Productivity:   Product   Integration     
          Passing metadata along the stack  




Impact of Corporate Size and Business Models


Pentaho is a much more integrated product than OBIEE, and its high level of integration and the ease with which a developer can move back and forth across the stack leads to a very substantial increase in productivity. The differences in the levels of integration seem to come from:


*  An understanding of, and a focus by, Pentaho’s architects on the challenges that IT managers face on a daily basis when it comes to delivering new business requirements quickly – when it comes to some OBIEE enhancements we are often left wondering whether its architects have ever used the product in a real-world application;


*  The relatively small size of Pentaho, which means that the architects of its different BI stack components interact with one another – the size of Oracle inevitably lends itself to a more “siloed” approach to product development and enhancement;


*  The ease with which own-build product components can be integrated – it would be impractical, from a financial perspective, for Oracle to substantially re-architect the disparate bought-in products that make up its BI suite.

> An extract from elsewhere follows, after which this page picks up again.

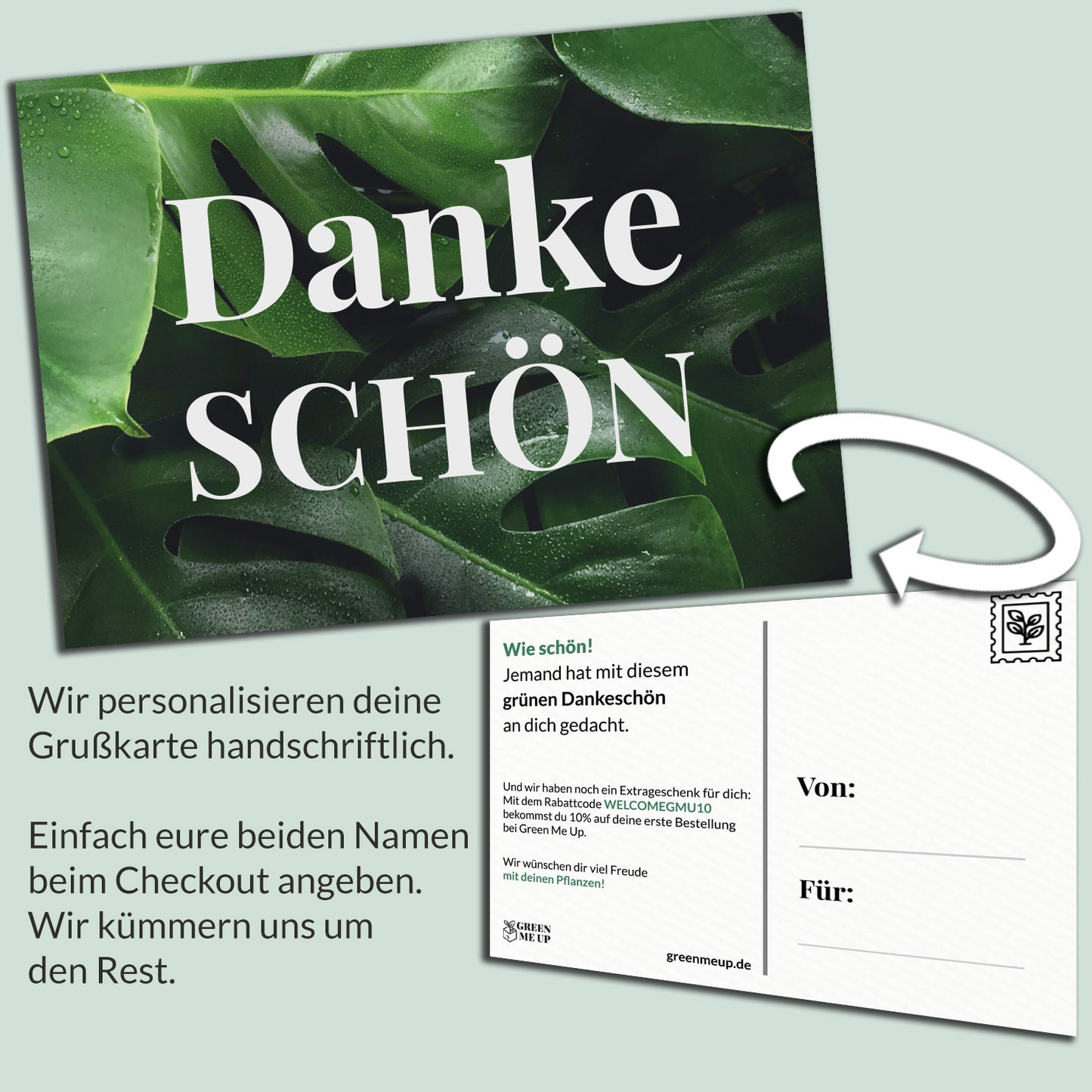 Geschenkset Krokodilfarn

Oracle’s business model, as with the other major BI vendors, is essentially that of being a very large-scale systems integrator: acquire products, rebrand them, and hope that the rebranding will, in and of itself, generate increased revenues; the downside is that the high costs of acquisitions do not permit much redesign beyond “look and feel” changes to the interfaces of the acquired products.


We can expect Pentaho to retain an advantage here, even as it grows in size: as long as its community development arm remains strong, new and enhanced functionality from independent developers will always be coming along, and the cost of productionizing the best of this functionality is likely to be modest.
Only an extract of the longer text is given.